Qu’en pensez-vous, Madame Chose ?

Une fille qui gère mal ses émotions

Chère vous,

Je trouve votre histoire d’une tristesse infinie. Pas qu’elle soit plus particulière ou originale qu’une autre. Les histoires de couchette au bureau, ce n’est pas tellement surprenant ni nouveau. « Plus ça change, plus c’est pareil », dirait ma mère. Non, ce que je trouve triste dans ce que vous me racontez, c’est que je constate qu’une fois de plus, c’est la femme qui paie le prix de l’incartade. Vous allez peut-être me trouver dure et me traiter de féministe enragée derrière mon dos, mais peu importe. Je trouve ça scandaleux que vous envisagiez de quitter votre emploi ou de vous déclarer malade pour ne pas croiser celui avec qui vous avez entretenu une liaison. Et, même si monsieur n’est pas là pour se défendre, je suis prête à parier qu’il n’a jamais songé à faire la même chose pour vous épargner la souffrance et l’humiliation de le côtoyer tous les jours près de la machine à café.

Dans ces affaires de couchette-là, ce sont toujours, ou presque, les femmes qui s’effacent ou qui démissionnent. Comme si on voulait faire oublier à l’autre qu’on avait déjà existé afin de lui épargner les complications liées à cette aventure. Si j’étais vous, je ne ferais pas ça. Partir, je veux dire. Ce serait lui rendre la vie trop facile. Moi, j’irais le voir, lui déclarerais mes sentiments et lui expliquerais clairement ce que ça me fait de devoir travailler avec lui à la semaine longue. En même temps, vous écrivez n’avoir jamais osé avouer votre amour à ce collègue par peur du rejet.
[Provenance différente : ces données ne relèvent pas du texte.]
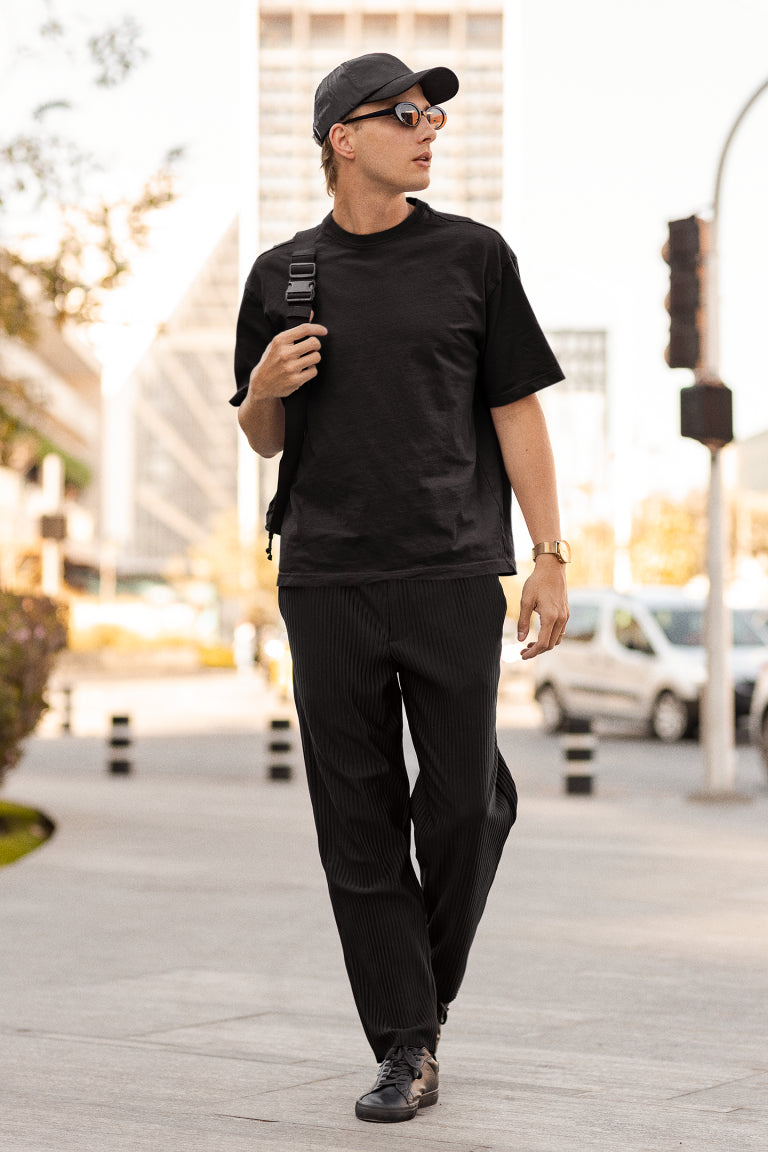 Black Oversized Tee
Ne serait-ce pas plutôt parce que vous connaissez déjà la réponse ? Peut-être qu’au fond de votre cœur, vous le savez qu’il restera avec sa femme et ses jeunes enfants. Peut-être aussi que vous n’êtes pas sa première aventure, ni sa dernière d’ailleurs. Ça aussi, m’est d’avis que vous devez avoir votre petite idée là-dessus. « Plus ça change, plus c’est pareil », dirait ma mère.
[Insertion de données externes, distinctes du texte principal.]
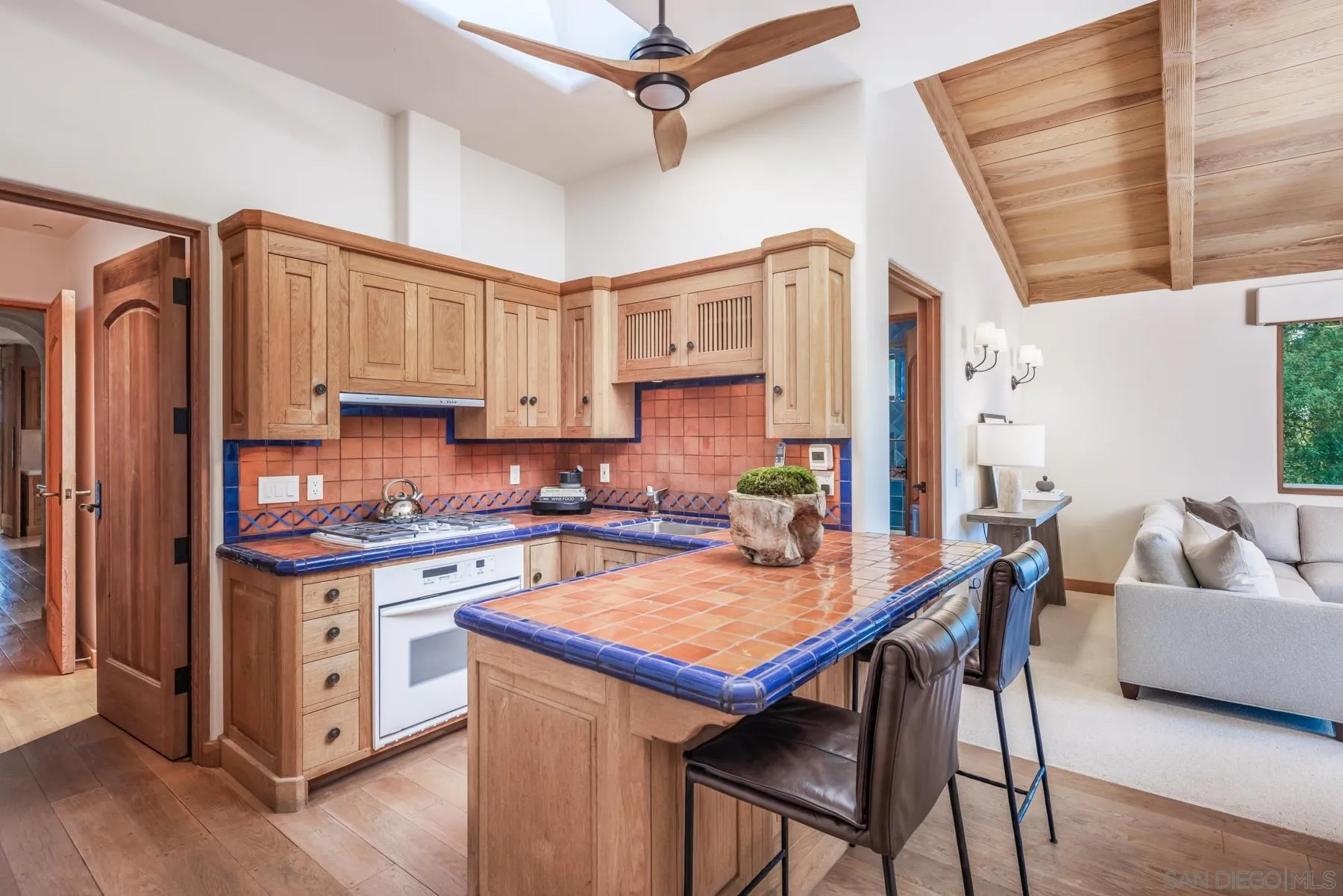 6884 El Camino Del Norte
P.S. : Je n’ai pas abordé la question de votre mari et de vos jeunes enfants parce que j’imagine que vous vous êtes déjà demandé ce que ça vous ferait si c’était lui qui s’envoyait en l’air avec une collègue de travail. Vous avez sûrement aussi songé à l’effet que pourrait avoir cette liaison sur votre famille. Je ne sais pas si votre époux est du genre à pardonner ou à vous demander de faire vos valises sur-le-champ, je sais juste que dans les deux cas, vous allez manger ça chaud pour un bout si jamais ça vient à ses oreilles que vous êtes une infidèle. Je vous invite aussi à vous questionner sur le pourquoi de cette infidélité. Vous m’avez dit que vous viviez une situation chaotique à la maison. J’imagine qu’en clair, ça veut dire que ça va mal dans votre mariage. « Du chaos naissent les étoiles », disait l’autre. Pensez donc à ça, la prochaine fois, avant de vous envoyer en l’air sur la photocopieuse.